Menos mal que no todos los burgueses adinerados de la época eran adeptos a la Gran Historia y por tanto compraban arte a partir de su gusto personal educado y refinado, y no a partir de algún marchante ambicioso y cuentista. Son los que se acercaban al arte, no tanto por su valor histórico (posible) cuanto por su valor formal, el que se adentraba en la insondable cuestión del gusto personal, que no el del Presente Histórico. Gracias a ellos Sorolla pudo, además de pintar, pintar mucho, porque esa facilidad que tenía para pintar la encauzaba hacia la producción continua y compulsiva. Era fecundo además de genial.

Por circunstancias que no vienen al caso debo decir que yo trabajé año y medio en lo que fue el Centro Cultural de Bancaja y que ahora es Fundación. Cada vez que podía me escapaba a ver, en soledad, el cuadro Triste herencia, que tenían colgado en una sala sólo transitada por personal del centro. Triste herencia, sobrecogedor cuadro, impresionismo postexpresionista (si cabe la tontería). De todas formas, y aun cuando este cuadro me parece genial, cuando digo que quiero morir en un cuadro de Sorolla me refiero, claro, a cualquiera de esos cuadros en los que el tema es perfectamente intrascendente. Sólo a ellos, y cuanto más intrascendente, mejor. Un niño asomando la cabeza por encima del agua me basta para incontrolar mi cabeza.

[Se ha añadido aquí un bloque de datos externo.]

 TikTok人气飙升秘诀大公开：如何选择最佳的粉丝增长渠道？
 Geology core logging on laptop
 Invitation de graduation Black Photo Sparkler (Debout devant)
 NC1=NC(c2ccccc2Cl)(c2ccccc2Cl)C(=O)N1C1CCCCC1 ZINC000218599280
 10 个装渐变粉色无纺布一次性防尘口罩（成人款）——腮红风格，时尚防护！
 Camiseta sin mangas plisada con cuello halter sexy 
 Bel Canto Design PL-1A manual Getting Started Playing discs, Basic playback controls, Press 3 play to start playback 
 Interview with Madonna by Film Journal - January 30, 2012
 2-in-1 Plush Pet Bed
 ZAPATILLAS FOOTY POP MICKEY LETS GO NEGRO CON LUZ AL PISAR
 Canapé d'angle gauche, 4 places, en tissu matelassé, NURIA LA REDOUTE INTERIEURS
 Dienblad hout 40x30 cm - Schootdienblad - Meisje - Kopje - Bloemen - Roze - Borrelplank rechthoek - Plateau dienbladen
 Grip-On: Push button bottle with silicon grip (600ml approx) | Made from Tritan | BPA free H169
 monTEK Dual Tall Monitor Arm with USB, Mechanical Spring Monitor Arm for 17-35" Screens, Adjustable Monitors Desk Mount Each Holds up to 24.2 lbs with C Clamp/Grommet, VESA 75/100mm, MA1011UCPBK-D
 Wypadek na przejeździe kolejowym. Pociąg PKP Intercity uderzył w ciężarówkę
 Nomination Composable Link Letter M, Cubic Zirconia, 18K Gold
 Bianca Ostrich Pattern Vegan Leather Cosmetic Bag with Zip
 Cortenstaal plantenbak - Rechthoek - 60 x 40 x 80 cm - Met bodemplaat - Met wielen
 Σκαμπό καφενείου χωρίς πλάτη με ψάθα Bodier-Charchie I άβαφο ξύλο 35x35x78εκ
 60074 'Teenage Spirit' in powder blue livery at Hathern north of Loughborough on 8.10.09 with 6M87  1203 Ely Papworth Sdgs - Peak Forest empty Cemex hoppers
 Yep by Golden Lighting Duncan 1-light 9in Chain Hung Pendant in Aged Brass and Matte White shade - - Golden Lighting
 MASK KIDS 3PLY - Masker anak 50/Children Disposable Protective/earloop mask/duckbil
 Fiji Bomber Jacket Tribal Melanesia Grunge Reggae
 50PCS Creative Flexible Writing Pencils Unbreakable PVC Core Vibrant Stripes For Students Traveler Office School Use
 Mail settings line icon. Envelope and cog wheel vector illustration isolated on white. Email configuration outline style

martes, noviembre 13, 2007

Nihilismo y felicidad

Hace muchos años tuve un amigo que a menudo aseguraba que el verdadero acceso al conocimiento se logra frecuentando y cultivando dos prácticas: la lectura de los clásicos y el género epistolar. Entendía el género epistolar como una forma de exponer lo pensado que va más allá del lenguaje oral. Y es absolutamente cierto que la única forma de acceder a un pensamiento verdadero (profundo) deviene de haber ordenado por escrito lo que sólo eran simples chascarrillos más o menos agudos. De esta forma el conocimiento, la sabiduría, sólo tiene que ver con la inteligencia de forma tangencial. La capacidad intelectiva de desarrolla en los individuos que la desarrollan. La inteligencia (mayor o menor) es sólo un parámetro que incide en toda actividad. Así, una persona puede ser muy inteligente y, al mismo tiempo, una nulidad desde el punto de vista intelectual. Otra cosa sería hablar de felicidad. Hay tontos sumamente felices. Y sabios tristes.
Aunque, si nos atenemos a la realidad más actual, sólo cabe hablar de felicidad, ya que es la búsqueda de felicidad inmediata lo que hace que los jóvenes no lean a los clásicos (ni a los clásicos ni a los modernos) y que su género epistolar quede reducido a “anoxe sali fue xaxi me encntre con javi y le conte la peli je je je x”. Todo en ellos gira en torno a la búsqueda de la felicidad, sobre todo para nunca tener que ir después en búsqueda del tiempo perdido. Los jóvenes del ahora viven una suerte de descreimiento nihilista. Y en cierto modo son consecuentes: son ya muchos años los que se les lleva inculcando que no hay verdad más verdadera que otra y que todas lo son por igual. Podrán no saber qué es el relativismo pero lo practican con desesperación.
Hace poco comentaba (en post reciente de este blog) que las cabras les hacían más caso a sus pastores que a mí mis alumnos. No pretendía hacer una gracia con la afirmación, sobre todo debido a su dosis de veracidad. A mis alumnos nadie les tose porque desde la más tierna infancia les han enseñado a reivindicarse constantemente. A reivindicarse sin fin alguno, sin fin concreto alguno. No siempre hacen lo que quieren, pero no hacen nada que no quieran. Todo nivel de exigencia hacia ellos se ha ido rebajando hasta dejarlo a la altura de sus requerimientos. Los alumnos aprenden, sólo, lo que quieren. Aunque en última instancia no sepan qué es lo que quieren.
Ese descreimiento nihilista, ese vacío de esperanza que provoca la poca fe en la justicia social, les induce al rechazo de todo esfuerzo. El esfuerzo es sólo un parámetro posible, o mejor, un miniparámetro, un parámetro casi despreciable por nimio. Nada garantiza el esfuerzo. Los clásicos están muertos, más muertos que nunca, y escribir sólo es una forma de poder comprender. Algo que tampoco garantiza nada. Así, la justa distancia que se abría entre el aprender y el comprender (en todo aprendizaje tradicional) se ha estirado ahora hasta el absurdo. No quieren aprender porque el comprender no garantiza siquiera la diversión.